Sugar is now a political stance. First Lady Michelle Obama tells us to stop eating sugar, to eat more vegetables. New York mayor Michael Bloomberg wants to ban the sale of large containers of soda and sugar-filled drinks. Our nation is getting fat and sick. Type 2 diabetes rates are up 90 percent in the last decade. By 2030, 42 percent of Americans will be obese.
Despite the public outcry against sugar, throw a rock in Seattle and it will hit a new cupcake shop, ice cream parlor, candy store, or specialty boutique bakery.
Even if you purposefully avoid the sugar sellers on every block, the white stuff is waiting for you in foods where you wouldn't expect to find it. Take a look through your cupboard and refrigerator—it's there, hiding behind names like "corn syrup," "dextrose," "glucose," "fructose," and "maltose." There are literally dozens of forms of it, but scientifically, it's ALL SUGAR. It's in salad dressing, ketchup, and spaghetti sauce.
Like the rest of America's, my personal relationship with sugar is a sordid affair—yours probably is, too. A study by Dr. Robert Lustig, a California-based endocrinologist, claims that sugar can be as addictive as cocaine. "It causes a euphoric effect that triggers dopamine, the chemical that controls pleasure in the brain," he stated on 60 Minutes in April.
Once we have it, we want more, more, MORE!
As I've written about in the past, I spent one winter staving off depression by way of baking hundreds of batches of cookies, and I am not exaggerating when I say that those cookies helped save my life. Sugar, you're so great!
But I've also written about trying to kick my cupcake-a-day habit by way of fasts and detoxes and self-help books.

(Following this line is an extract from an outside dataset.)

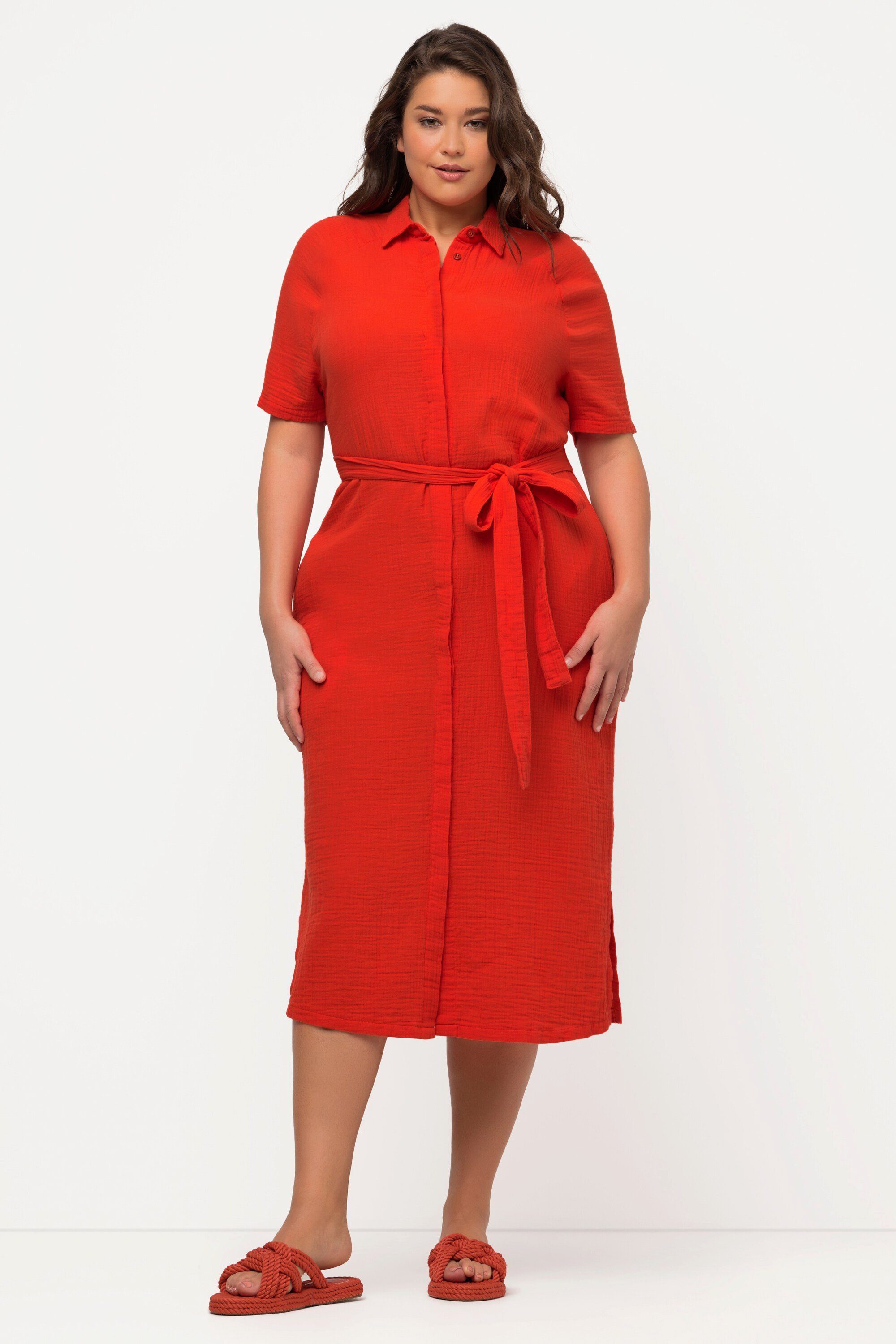 Ulla Popken Midikleid Midikleid Hemdkragen Halbarm günstig online kaufen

I've chugged ground-up corn husk and eaten a potato every night before bed, but the pie kept calling my name. Sugar, you bitch.
My love/hate relationship with the stuff recently magnified times infinity, as I finally put my self-taught baking talents (culminated from years of cookie and cake cravings) to good use. I wrote a cookbook called Bake It in a Cupcake: 50 Treats with a Surprise Inside, which is dedicated to all the things you can bake into cupcakes—baklava, mini cherry pies, brownies, and macaroons. It's totally ridiculous, I know, but it is pretty awesome (it will be out October 2 thanks to Andrews McMeel Publishing).
I created all the recipes in the book, and tested them over and over again. Testing means tasting. Lots and lots of tasting. With the extra baking, tasting, and sitting down to write the book more often than getting up and moving came more extra pounds than I care to admit in print. Don't get me wrong—I'm so excited about the cookbook! And I'm really fucking proud of it. But fuck, man, sugar really is a cruel mistress, on both a human and a national level.
Which leads us to this package of stories. All these pieces are about both the bright and the dark side of sugary treats, and the deeply conflicted relationship we have with them.
Self-admitted cookie dough addict Cienna Madrid comes face-to-face with her supplier, Cougar Mountain Baking Company (see here). We learn about how hard bees work (they visit millions of flowers!) just so you can sweeten up your tea (see here). There are stories about the dangerous desserts that are set aflame (here) and the funny characters who are lighting the match (here); there are love letters to the gross candy we can't get enough of (here) and the ice cream makers we love (here), and the pastries and sundaes we shove in our faces even though we know doing so could be a hazard to our health (here and here).
Welcome to the other side of sugar. It might be dark, but with the average American consuming 167.3 cups of sugar a year, it's certainly not a lonely place.